LIÇÕES
DA DÉCADA DE 1990 (II)
Adeus
à classe trabalhadora?
Um terço da força de trabalho
mundial está sem emprego. Mas não vive em “cabanas eletrônicas”,
não está no “setor de serviços” nem se dedica,
aparentemente, ao ócio criativo...
José
Luís Fiori*
Existe uma e só uma tese econômica
ou histórica em que se baseia todo o edifício ideológico
liberal-conservador dos anos 1990. A mesma que depois se
transformou na pedra angular da “terceira-via” social-
democrata. Para ambos ocorreu, no último quartil do século 20,
uma revolução tecnológico-informacional que mudou radicalmente
a economia e a sociedade capitalistas. Como resultado, a velha
economia industrial teria cedido lugar a uma “nova economia”,
baseada nos serviços, e a uma sociedade onde o trabalho teria
perdido sua centralidade. No seu lugar estaria nascendo uma
sociedade em que as relações de classe seriam substituídas por
redes horizontais e comunicativas, cada vez mais extensas,
envolventes e democráticas.
Fim do trabalho
ou reestruturação conservadora do capital?
Todas as grandes revoluções
tecnológicas que mudaram o rumo e a velocidade da expansão do
capitalismo passaram invariavelmente por modificações
qualitativas no campo das comunicações. E ninguém pode
desconhecer a natureza espetacular da mudança ocorrida – depois
de 1970 -- no campo da microeletrônica, dos computadores e da
telecomunicação, assim como seu impacto no funcionamento dos
mercados financeiros e das "auto-estradas" de informação.

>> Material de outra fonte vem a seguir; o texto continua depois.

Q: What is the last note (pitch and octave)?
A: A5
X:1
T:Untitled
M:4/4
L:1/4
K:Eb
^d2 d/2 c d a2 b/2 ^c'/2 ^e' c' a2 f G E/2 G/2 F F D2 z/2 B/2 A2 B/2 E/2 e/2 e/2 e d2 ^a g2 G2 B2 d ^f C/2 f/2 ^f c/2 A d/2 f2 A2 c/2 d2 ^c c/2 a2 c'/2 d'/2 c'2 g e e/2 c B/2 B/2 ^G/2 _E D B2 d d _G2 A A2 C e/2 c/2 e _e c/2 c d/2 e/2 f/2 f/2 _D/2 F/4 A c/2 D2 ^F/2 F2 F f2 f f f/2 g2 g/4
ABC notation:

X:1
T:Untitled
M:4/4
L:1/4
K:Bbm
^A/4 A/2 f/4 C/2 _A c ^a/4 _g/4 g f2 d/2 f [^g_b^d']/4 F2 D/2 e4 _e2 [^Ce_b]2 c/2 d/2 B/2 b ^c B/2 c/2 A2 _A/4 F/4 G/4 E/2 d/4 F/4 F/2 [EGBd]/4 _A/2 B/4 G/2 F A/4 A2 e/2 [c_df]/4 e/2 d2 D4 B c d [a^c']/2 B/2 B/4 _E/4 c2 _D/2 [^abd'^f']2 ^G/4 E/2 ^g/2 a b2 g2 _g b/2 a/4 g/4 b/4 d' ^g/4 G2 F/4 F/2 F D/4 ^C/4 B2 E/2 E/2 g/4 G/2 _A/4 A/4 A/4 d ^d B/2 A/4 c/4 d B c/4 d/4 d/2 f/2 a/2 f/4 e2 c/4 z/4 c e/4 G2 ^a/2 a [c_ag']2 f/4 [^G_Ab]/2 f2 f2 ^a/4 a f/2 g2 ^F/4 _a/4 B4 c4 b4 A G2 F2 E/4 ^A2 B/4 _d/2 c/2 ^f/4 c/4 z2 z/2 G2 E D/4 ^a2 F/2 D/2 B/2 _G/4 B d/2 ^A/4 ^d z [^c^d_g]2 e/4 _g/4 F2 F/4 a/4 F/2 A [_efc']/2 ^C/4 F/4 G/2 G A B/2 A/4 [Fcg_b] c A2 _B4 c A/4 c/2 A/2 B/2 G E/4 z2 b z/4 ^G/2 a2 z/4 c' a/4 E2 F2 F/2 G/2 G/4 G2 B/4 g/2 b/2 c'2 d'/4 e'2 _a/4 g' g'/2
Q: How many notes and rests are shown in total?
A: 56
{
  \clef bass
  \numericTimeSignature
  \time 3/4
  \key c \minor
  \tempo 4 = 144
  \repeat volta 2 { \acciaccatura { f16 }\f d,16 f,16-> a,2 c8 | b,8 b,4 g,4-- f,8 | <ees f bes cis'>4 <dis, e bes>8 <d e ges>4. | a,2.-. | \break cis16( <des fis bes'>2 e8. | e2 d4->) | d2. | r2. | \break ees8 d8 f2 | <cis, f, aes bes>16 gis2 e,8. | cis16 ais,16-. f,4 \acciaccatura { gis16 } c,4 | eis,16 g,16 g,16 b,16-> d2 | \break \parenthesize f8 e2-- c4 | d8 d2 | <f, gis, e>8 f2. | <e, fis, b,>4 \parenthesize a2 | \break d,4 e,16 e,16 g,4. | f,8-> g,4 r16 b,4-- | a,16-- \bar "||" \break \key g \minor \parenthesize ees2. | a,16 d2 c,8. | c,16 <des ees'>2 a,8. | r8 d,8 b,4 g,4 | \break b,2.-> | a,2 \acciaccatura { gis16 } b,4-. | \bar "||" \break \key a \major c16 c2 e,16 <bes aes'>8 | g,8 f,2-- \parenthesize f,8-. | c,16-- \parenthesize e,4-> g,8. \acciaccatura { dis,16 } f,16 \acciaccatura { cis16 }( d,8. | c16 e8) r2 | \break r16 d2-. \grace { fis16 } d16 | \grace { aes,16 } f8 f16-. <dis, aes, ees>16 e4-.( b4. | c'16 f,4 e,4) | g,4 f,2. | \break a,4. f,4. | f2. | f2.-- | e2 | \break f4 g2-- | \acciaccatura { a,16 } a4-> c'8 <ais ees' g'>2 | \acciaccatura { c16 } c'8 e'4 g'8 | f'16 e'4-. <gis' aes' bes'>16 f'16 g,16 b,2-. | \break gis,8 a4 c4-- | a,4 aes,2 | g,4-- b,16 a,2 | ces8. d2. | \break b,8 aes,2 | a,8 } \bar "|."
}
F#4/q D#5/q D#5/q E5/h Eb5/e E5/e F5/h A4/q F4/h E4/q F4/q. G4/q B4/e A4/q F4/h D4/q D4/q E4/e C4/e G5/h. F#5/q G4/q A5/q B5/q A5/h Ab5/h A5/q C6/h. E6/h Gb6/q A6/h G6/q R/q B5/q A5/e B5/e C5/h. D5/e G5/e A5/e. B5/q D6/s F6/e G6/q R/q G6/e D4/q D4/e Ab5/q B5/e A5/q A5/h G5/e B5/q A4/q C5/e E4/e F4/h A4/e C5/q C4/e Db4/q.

Mas não há nenhuma evidência de que estas modificações tenham
alterado as relações sociais e as leis básicas e de longo prazo
do sistema capitalista. Hoje, um terço da força de trabalho
mundial – algo em torno de um bilhão de pessoas – está sem
emprego, mas não vive em “cabanas eletrônicas”, não está
no “setor de serviços” nem se dedica, aparentemente, ao ócio
criativo. Pelo contrário, o que as estatísticas mostram é que
esses milhares de desempregados seguem ligados ao mesmo
“paradigma do trabalho”, só que agora como trabalhadores
precarizados, terceirizados ou subcontratados, com direitos cada
vez mais limitados e cada vez mais alheios ao mundo das organizações
sindicais. Uma transformação social gigantesca, mas que não foi
o resultado natural, nem muito menos benéfico, das novas
tecnologias informacionais. Foi, em grande medida, o resultado de
uma reestruturação política e conservadora do capital, em
resposta à perda de rentabilidade e governabilidade que enfrentou
durante a década de 1970.
Nesse sentido, quando os teóricos
do "pós-industrialismo" decretam o "fim do
trabalho", estão olhando apenas para os números que indicam
a redução do peso relativo do emprego industrial na estrutura
ocupacional. Mas mesmo aí, as evidências são de que a
mudança vem se dando de forma extremamente desigual entre os
diferentes países. Se é possível dizer que o emprego vem
crescendo mais rapidamente no setor de serviços, nos Estados
Unidos, Inglaterra e Canadá, o mesmo não se pode dizer com relação
ao Japão, Alemanha, França ou mesmo na Itália. Para não falar
do caso da periferia latino-americana, onde a destruição dos
empregos industriais foi obra de uma política econômica
ultraliberal que promoveu de forma explícita e estratégica a
desindustrialização e o aumento do desemprego estrutural,
independente de qualquer tipo de revolução informacional.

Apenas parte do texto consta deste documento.